Positional/Gameplanning--In baseball, good fielders in 2B, SS and CF are a must for me, as is a decent or better arm in RF. In football, I've found that defensively I go after players who fit into my system (M2M cover DB's, run-stopping defensive linemen and MLB, pass-rushing OLB's), but offensively I taylor the system to fit the players. I definitely get more enjoyment in the whole gameplanning/strategy area from football than baseball, since I never coach/manage each individual game. (I want to see stats and results over a long career, and it just takes too long to coach game-by-game.
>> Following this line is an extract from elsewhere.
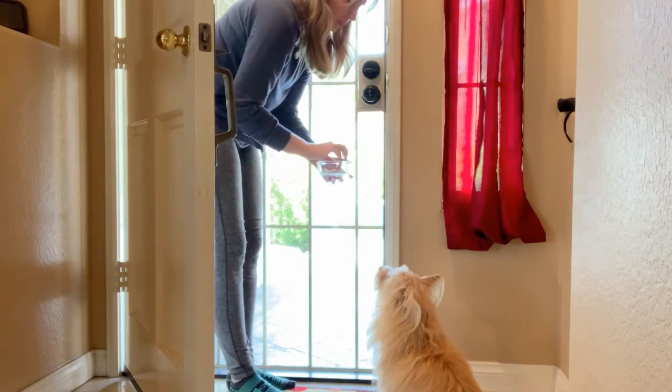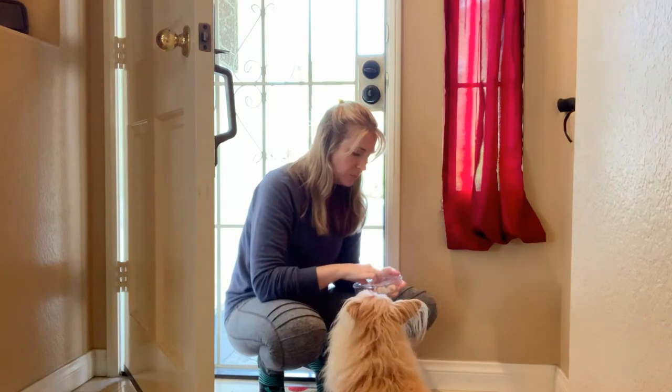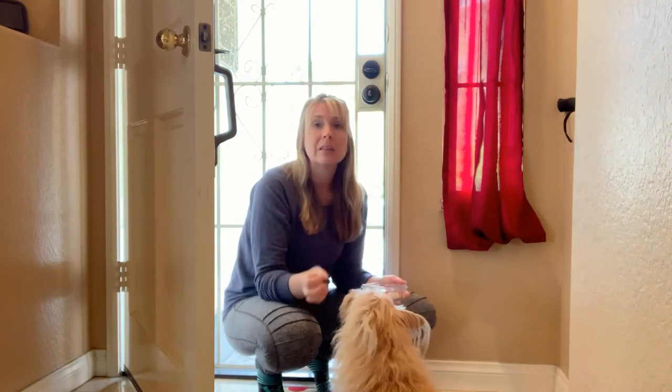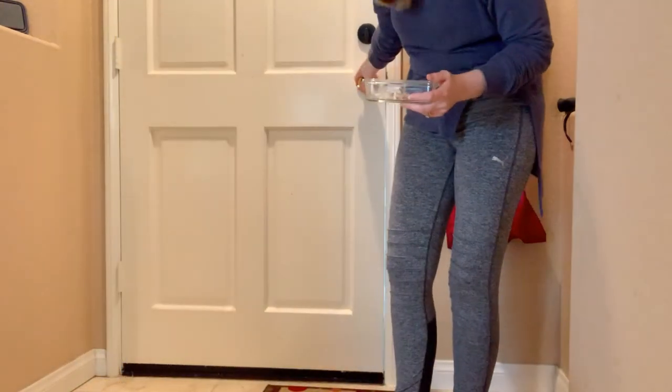Once we have the door open and your dog is right here at the door, we're going to ask for a stay or wait again. Once your dog has mastered the stay and wait at the door — remember, we're doing this one dog at a time — then when you actually open the door and step to the other side, you're going to need another keyword to release your dog and let them know it's okay to cross that threshold and go outside. For me, I just tell Kim 'okay,' and she knows she's released from her stay and can walk over that threshold.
GM--I'd GREATLY prefer to be heavily GM-oriented, playing multiple seasons in one night. However, no text sim to date has allowed me to do that, because of unacceptable AI handling of certain aspects of my team that I therefore must handle myself:

OOTP5--Mishandles pitching rotation with regards to 5th starter usage, so I have to go in and move starters around manually. Also doesn't set lineups the way I'd want them set, so I have to redo lineups every time there's an injury to a starter.

TCY--Will start a 41/41 5th-year senior over a 35/87 sophomore just about every time. The sophomore would be better within 2-3 games of starting. I have to go in and make lineup changes because of this.

FOF4--Also loves those 41/41 vets over the 35/87 rookies.

GrantDawg
08-25-2003, 11:08 PM
Ok, if I'm the OC, and Skydogs the DC, who is the HC?

revrew
08-26-2003, 12:43 AM
Definitely positional. I love fiddling with formations and situational backups. I want to build a team around a player by putting the right guys in place around him.

Positional. Definitely positional. Which position, of course, is between me and my wife.